インタビュー

『マリア・モンテッソーリ 愛と創造のメソッド』レア・トドロフ監督インタビュー&本編映像が解禁!

©Lea Meienberg_for ZFF

 シンガーソングライターのテイラー・スウィフトや将棋の藤井聡太をはじめ、世界中の著名人が学んだことでも知られるモンテッソーリ教育。その生みの親であるマリア・モンテッソーリの試練と歩みの7年間を描いた映画『マリア・モンテッソーリ 愛と創造のメソッド』が現在、シネスイッチ銀座、シネ・リーブル池袋、UPLINK吉祥寺 他にて全国順次公開中。
 この度、レア・トドロフ監督のインタビューと本編映像が解禁された。

「最も大事なことは 子どもを愛することです」
そう訴え続けた強く知的なひとりの女性の物語。

 Amazon創業者ジェフ・ベゾス、Google創業者ラリー・ペイジとセルゲイ・ブリン、歌手のテイラー・スウィフト、将棋の藤井聡太などが受けたことでも注目されるモンテッソーリ教育。
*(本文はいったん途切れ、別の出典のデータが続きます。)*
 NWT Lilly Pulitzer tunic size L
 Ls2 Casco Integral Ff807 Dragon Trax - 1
本作は、その生みの親であるマリア・モンテッソーリがメソッドを獲得し1907年に「子どもの家」を開設するまでの試練と歩みの7年間を描いた感動作。

 20世紀初頭のイタリア・ローマ。マリア・モンテッソーリ(ジャスミン・トリンカ)は、ある「成功者」と出会う。フランスの有名なクルチザンヌ(高級娼婦)リリ・ダレンジ(レイラ・ベクティ)だ。リリは娘の学習障がいが明るみに出そうになったとき、自分の名声を守るためにパリから逃亡してきたのだ。マリアはこの時期すでに画期的な新しい教育法の基礎を築いていた。リリはマリアを通して、娘はただの障がいのある女の子ではなく、強い意志と才能を持った人として、ありのままの娘を知るようになる。マリアに共鳴したリリは、男性中心社会の中でもがくマリアの野望の実現に手を貸すのだが……。
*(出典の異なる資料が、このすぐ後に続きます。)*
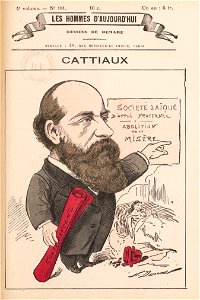 Cattiaux par Demare (Les Hommes d'aujourd'hui, 181)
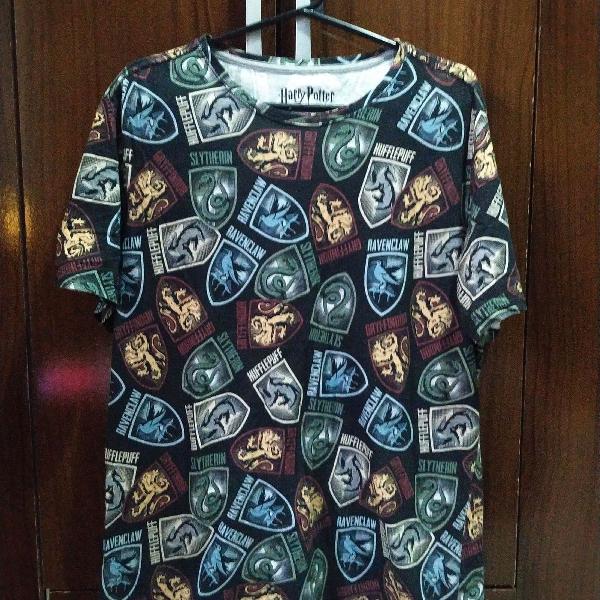 camiseta estampada harry potter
 監督は、パリ、ウィーン、ベルリンで政治学を学び、その後ドキュメンタリー映画を主に活動してきたレア・トドロフ。2012年初のドキュメンタリー「Saving Humanity during Office Hours」を監督し、14年には「Russian Utopia」を共同監督。15年にジャンナ・グルジンスカ監督のオルタナティブ教育をテーマにしたドキュメンタリー「School Revolution: 1918-1939」の脚本を執筆。本作が長編劇映画、初監督となる。
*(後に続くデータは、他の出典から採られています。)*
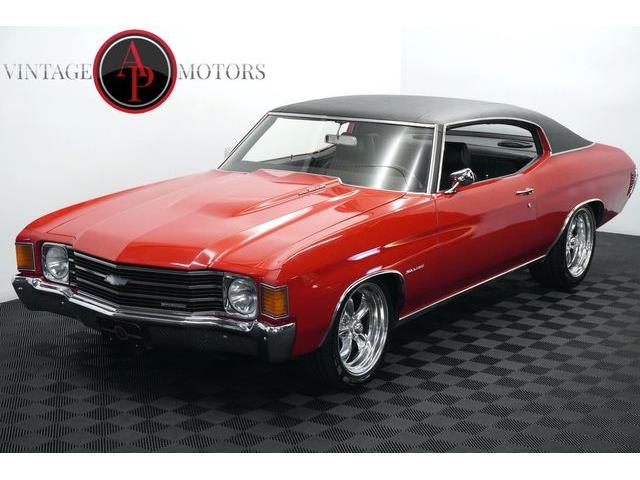 1972 Chevrolet Chevelle (CC-2080140) for sale in Statesville, North Carolina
 マリア・モンテッソーリを演じるのは、『息子の部屋』で俳優デビューを飾り、『輝ける青春』『フォルトゥナータ』『泣いたり笑ったり』など数多くの作品で映画賞を受賞しているジャスミン・トリンカ。俳優のみならず監督としても活躍しており、第75回カンヌ国際映画祭ではコンペティション部門の審査員を務めた。リリ役には、『虚空の鎮魂歌(レクイエム)』『シンク・オア・スイム イチかバチか俺たちの夢』『パーフェクト・ナニー』のレイラ・ベクティ。リリの娘・ティナを演じるのはラファエル・ソンヌヴィル=キャビー。本作のマリア・モンテッソーリのもとで学ぶ障がいを抱えた子どもたちの役は、同じ立場の子どもたちが演じているが、キャスティングのワークショップに参加したラファエルと監督は出会い、ティナ役にぴったりだと初日に感じ抜擢した。本作が彼女のデビュー作となる。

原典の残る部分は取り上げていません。